■ Goal of the exercise
All that should be output is the block of lines below from the line with "Gamston Wool Cardigan Black" to the line with "Item preview, A", both included, exactly as written.

■ The records
####################
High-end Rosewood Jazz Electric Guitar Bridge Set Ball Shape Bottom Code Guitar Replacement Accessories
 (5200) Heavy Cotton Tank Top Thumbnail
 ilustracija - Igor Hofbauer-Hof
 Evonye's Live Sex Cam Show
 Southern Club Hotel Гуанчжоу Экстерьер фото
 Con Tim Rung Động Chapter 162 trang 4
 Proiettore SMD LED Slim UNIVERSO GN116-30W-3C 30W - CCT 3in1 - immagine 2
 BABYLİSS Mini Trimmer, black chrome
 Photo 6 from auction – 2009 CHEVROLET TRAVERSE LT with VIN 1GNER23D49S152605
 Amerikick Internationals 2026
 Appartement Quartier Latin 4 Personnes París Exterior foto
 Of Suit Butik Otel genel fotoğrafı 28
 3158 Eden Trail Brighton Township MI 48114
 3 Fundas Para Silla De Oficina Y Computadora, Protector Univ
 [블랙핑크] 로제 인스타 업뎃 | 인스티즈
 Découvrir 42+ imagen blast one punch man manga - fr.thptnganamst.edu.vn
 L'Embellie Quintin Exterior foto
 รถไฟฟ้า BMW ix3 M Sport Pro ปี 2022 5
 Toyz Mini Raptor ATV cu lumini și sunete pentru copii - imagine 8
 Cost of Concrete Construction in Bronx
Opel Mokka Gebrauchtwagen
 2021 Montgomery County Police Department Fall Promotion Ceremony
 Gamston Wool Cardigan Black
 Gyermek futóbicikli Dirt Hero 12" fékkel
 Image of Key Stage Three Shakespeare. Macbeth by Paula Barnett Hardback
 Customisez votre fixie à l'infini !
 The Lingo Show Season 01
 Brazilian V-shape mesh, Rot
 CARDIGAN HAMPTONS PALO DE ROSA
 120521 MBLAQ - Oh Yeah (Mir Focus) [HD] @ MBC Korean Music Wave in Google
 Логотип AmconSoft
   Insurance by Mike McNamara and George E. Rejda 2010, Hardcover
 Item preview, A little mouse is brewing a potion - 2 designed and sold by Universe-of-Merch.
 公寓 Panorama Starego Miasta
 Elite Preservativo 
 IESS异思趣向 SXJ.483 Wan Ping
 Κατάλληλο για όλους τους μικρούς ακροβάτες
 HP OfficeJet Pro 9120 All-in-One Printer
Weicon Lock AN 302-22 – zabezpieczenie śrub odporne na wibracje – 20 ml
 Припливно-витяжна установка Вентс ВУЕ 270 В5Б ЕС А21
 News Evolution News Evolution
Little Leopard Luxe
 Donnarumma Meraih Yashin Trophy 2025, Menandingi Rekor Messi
####################
■ Written response
 Gamston Wool Cardigan Black
 Gyermek futóbicikli Dirt Hero 12" fékkel
 Image of Key Stage Three Shakespeare. Macbeth by Paula Barnett Hardback
 Customisez votre fixie à l'infini !
 The Lingo Show Season 01
 Brazilian V-shape mesh, Rot
 CARDIGAN HAMPTONS PALO DE ROSA
 120521 MBLAQ - Oh Yeah (Mir Focus) [HD] @ MBC Korean Music Wave in Google
 Логотип AmconSoft
   Insurance by Mike McNamara and George E. Rejda 2010, Hardcover
 Item preview, A little mouse is brewing a potion - 2 designed and sold by Universe-of-Merch.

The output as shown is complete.